- [Exercise aim]: From the entries that follow, copy each line containing the word "Black".

- [Input data]:
★ ★ ★
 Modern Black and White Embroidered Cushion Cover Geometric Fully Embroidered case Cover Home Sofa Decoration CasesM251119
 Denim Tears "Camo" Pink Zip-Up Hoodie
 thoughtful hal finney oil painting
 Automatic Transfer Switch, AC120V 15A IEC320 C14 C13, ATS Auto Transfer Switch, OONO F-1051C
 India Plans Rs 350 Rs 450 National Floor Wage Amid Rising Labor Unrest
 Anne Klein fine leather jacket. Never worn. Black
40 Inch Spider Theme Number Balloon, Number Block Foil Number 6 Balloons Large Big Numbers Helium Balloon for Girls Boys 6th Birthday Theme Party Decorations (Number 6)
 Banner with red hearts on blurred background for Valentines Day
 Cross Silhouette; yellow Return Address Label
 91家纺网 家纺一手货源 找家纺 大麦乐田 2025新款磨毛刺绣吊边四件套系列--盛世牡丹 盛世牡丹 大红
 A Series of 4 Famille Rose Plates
★ ★ ★
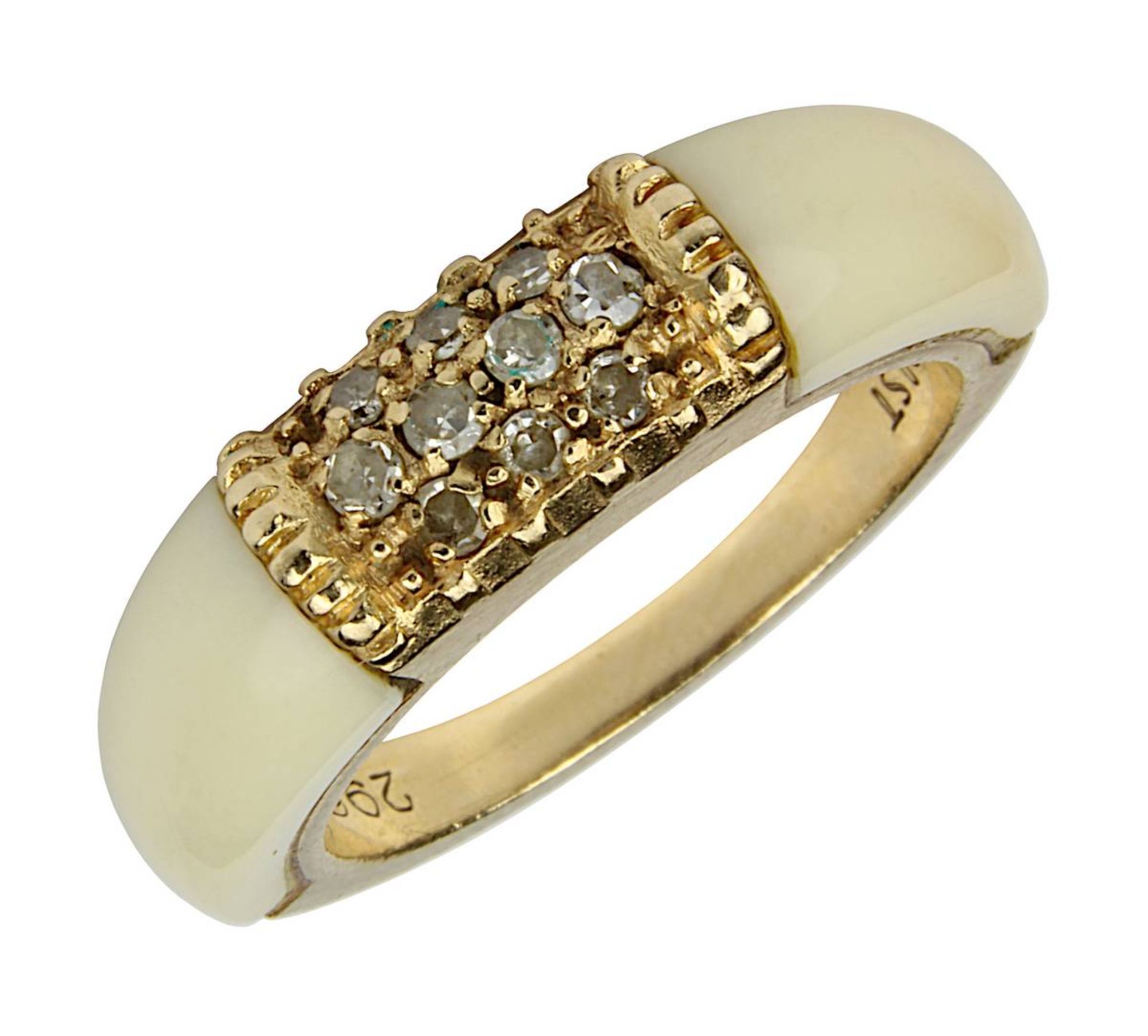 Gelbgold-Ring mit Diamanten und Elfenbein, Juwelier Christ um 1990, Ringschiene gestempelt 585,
★ ★ ★
- [Solution to this problem]:
 Modern Black and White Embroidered Cushion Cover Geometric Fully Embroidered case Cover Home Sofa Decoration CasesM251119
 Anne Klein fine leather jacket. Never worn. Black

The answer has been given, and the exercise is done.